There was a brief pause at the height of the crisis, but then the rise in the global debt-GDP ratio resumed, reaching nearly 220c of global GDP over the past year. Much of the more recent growth in this headline figure has been driven by China, which in response to the crisis, unleashed a massive expansion in credit.
However, even developed market economies have struggled to make progress, with rising public debt cancelling out any headway being made in reducing household and corporate indebtedness..
Reduced mortgage finance during the banking crisis temporarily succeeded in capping and partially reversing the growth in UK household debt. Yet with a reviving housing market, these reductions may have come to an end, with the Office for Budget Responsibility expecting household debt to income ratios to start climbing again shortly.
In the meantime, the government has been piling on borrowings like topsy, not withstanding attempts by the Chancellor, George Osborne, to bring the deficit under control. Total national non financial indebtedness has therefore barely budged since the start of the crisis.
The UK remains the fourth most highly indebted major economy in the world after Japan, Sweden and Canada, with total non financial debt of 276pc of GDP. The US is not far behind with debt of 264pc of GDP.
However, the real stand-out is China, which since the crisis began has seen debt spiral from a very manageable 140pc of GDP to 220pc and rising. This is obviously still lower than many developed economies, but the speed of the increase, combined with the fact that it is largely private sector debt, makes a hard landing virtually inevitable.

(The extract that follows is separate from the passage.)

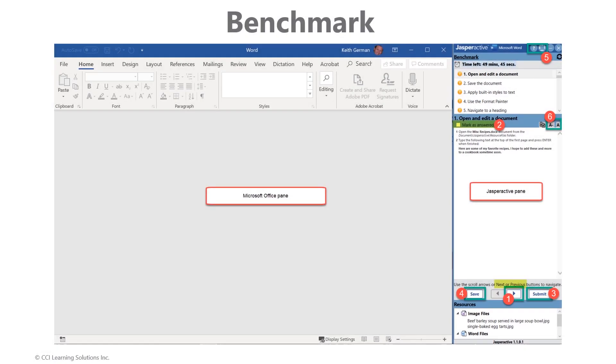Office is running live on the left while the Jasperactive instructions pane is on the right. This is not a simulation—you have full functionality of Office as if you were in a business environment. This is true hands-on kinesthetic learning. Please note, however, that if the directions ask for a specific method, then follow what's asked.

The only way the world can keep growing, it would appear, is by piling on debt. Not good, not good at all.
There are those that say it doesn’t matter, or that rising debt is merely a manifestion of economic growth. And in the sense that all debt is notionally backed by assets, this may be partially true. But when rising asset prices are merely the flip side of rising levels of debt, it becomes highly problematic. Eventually, it dawns on the creditors that the debtors cannot keep up with the payments. That’s when you get a financial crisis.
Crisis or no crisis, the Geneva Report’s authors – Luigi Buttiglione of Brevan Howard, Philip Lane of Trinity College Dublin, Lucrezia Reichlin of the London Business School and Vincent Reinhart of Morgan Stanley – argue that rising indebtedness in developed economies has been crimping potential output growth ever since the 1980s.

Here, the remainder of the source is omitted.